The Mayoral Election + Race + Hill District = Jack Wagner?

It’s been a long time, I shouldn’t have left you…Interesting tweets a week ago Friday night as Mayoral candidate Bill Peduto was on a Hill District bar crawl going to the Flamingo and Ace’s Deuce’s. So, clearly it’s Hill District voters he’s courting, but it’s also a move for African American voters. One of the tweets reference my man, Rep. Ed Gainey , the African American state rep from the East End, and you can click here for Rep. Gainey’s comments on Peduto as the candidate for the African American community.

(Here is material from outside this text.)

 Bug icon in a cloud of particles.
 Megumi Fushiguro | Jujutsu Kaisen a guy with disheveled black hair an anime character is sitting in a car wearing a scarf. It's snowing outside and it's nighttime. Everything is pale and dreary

The idea of a collective Pittsburgh African American interest is  being heard clearly in this Democratic Party Mayoral Primary, which is striking when we think about the race narratives of the national election just 6 months ago where President Obama and the Democratic Party downplayed race, a strategy presumably supported by the local Democratic Party members involved in this election. Pittsburgh does need a serious conversation about racism and racial disparities, but it’s hard to see, without intervention from anti-racism folks, that this conversation continues within the Democratic Party once the race conversation has served its purpose i.e. mobilizing votes in the Mayoral election.

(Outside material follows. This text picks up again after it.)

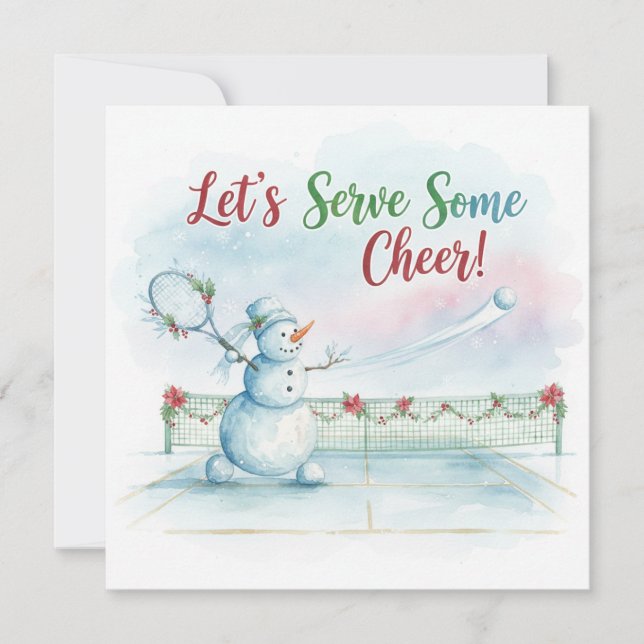Tennis Christmas  Festive Snowman  Feiertagskarte (Vorderseite)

As Pittsburgh’s oldest predominantly African American neighborhood, the Hill District has been a major contributor to this election race’s narrative  First, and primarily, there is the Pittsburgh Black Political Convention (PBPC), a group whose goal is “to unite the black vote behind the candidacy of a single candidate for mayor in the 2013 Primary Election” and led by the Hill District’s former City Councilman, Mr. Sala Udin,  endorsing the Hill District’s State Representative Jake Wheatley.  But there was also an editorial in the Pittsburgh Courier, printed in the City Paper as “the mayoral race: a black perspective“, by the minister of the Hill District’s Monumental Baptist Church, Rev. Thomas Smith, who was writing as a member of the Western PA Black Political Assembly (WPBPA). This letter shares an analysis that seems to point to Mayoral candidate Bill Peduto as the best of imperfect options, but talks about the difficult place for Black folks in this election. And there is Councilman Bill Robinson, the African American County Councilman from the Hill who is explicitly endorsing Bill Peduto and who one would imagine is a part of Peduto’s campaign to connect to Hill District and African American voters.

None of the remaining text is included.